If you buy Hanson’s thesis, this neatly explains blue state vs red state, Obama vs Bush, open borders nuts vs immigration realists, and Apple vs Windows.

Hanson relies for much of his speculative evidence on the Sex At Dawn book, which I promiscuously manhandled here. But there’s too much wrong with the claims made by that book to sufficiently lend support to the Forager vs Farmer (i.e., liberal vs conservative) thesis of clashing values and lifestyles.

For instance, Hanson and Ryan elide the force of jealousy in shaping human sexual dynamics. If we were built for polyamory as Ryan claims, or free love promiscuity as Hanson says, then jealousy would not have evolved to the extent it did (among Euro-descended people at least) to become a powerfully ingrained emotional hindbrain response to infidelity or suspicions of cheating. Both men and women experience jealousy, though men seem to react more violently when in its throes, (as would be predicted by a “farmer” reading of sociosexuality, since men stand more to lose by a cheating lover).

In addition, just about every polyamorous, free love utopia/forager commune that has been tried in historical record has utterly failed, some of them spectacularly. (It’s no coincidence that most dedicated polyamorists are androgynous, middle-aged frumps.)

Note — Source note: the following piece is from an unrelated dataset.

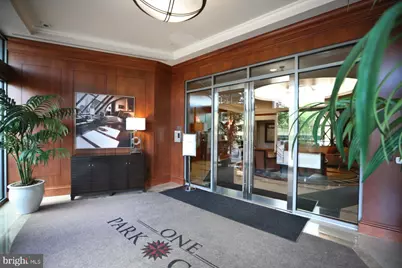 8220 Crestwood Heights Drive #1411, McLean, VA 22102 - Photo 4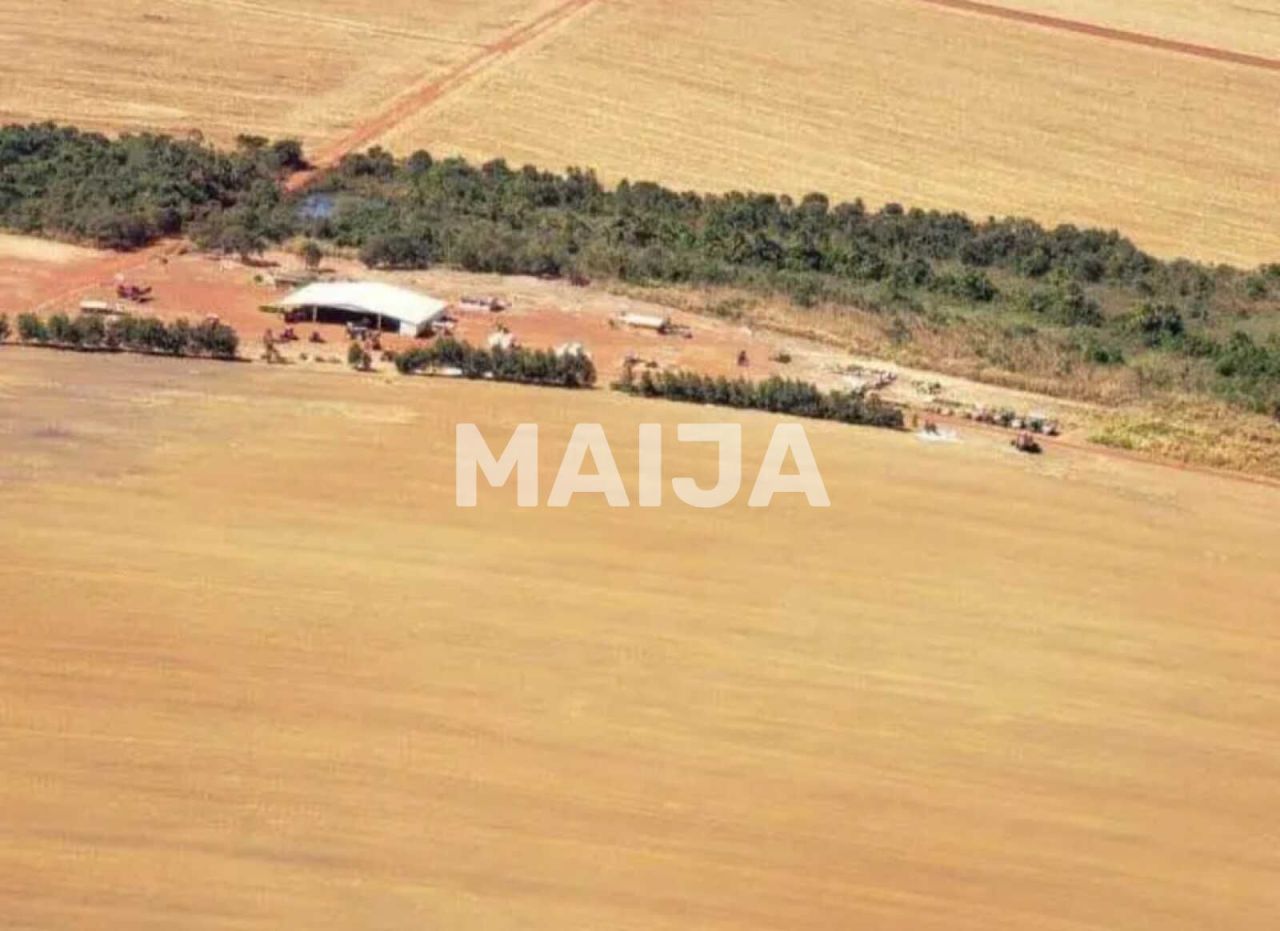 Земля Água Boa, Бразилия, 175 310 000 м² - фото 4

Hanson and Ryan claim foragers are/were nonviolent compared to farmers. But from everything I’ve read on the matter, that is wrong as well: modern hunter-gatherers have impressive levels of tribal violence, mostly of the raiding and randomly savage variety. Farmers are also capable of violence, but when they do it the violence is coordinated and planned; the random individual violence that typifies forager society isn’t a steady state feature of farmer existence. I’m not going to dig around for relevant links, so I’ll throw it open to the commenters to do the dirty work.

Finally, a big point of Hanson’s repackaged thesis is that “rich and safe” modern foragers — implicitly the intellectual and social liberal elites of Western society — pursue and advocate a promiscuous lifestyle. Except the data show that isn’t necessarily true. Higher IQ men place greater value on monogamy and sexual exclusivity and are less likely to cheat than lower IQ men.

There are too many holes in this tidy farmer/forager outlook to take it as anything more than United States of Canada porn for self-satisfied cosmopolitan lefties to jack their head hamsters off to. And I say this as someone who lives to the fullest the modern, promiscuous forager lifestyle. I know its personal appeal, and its immolating potential for the wider society.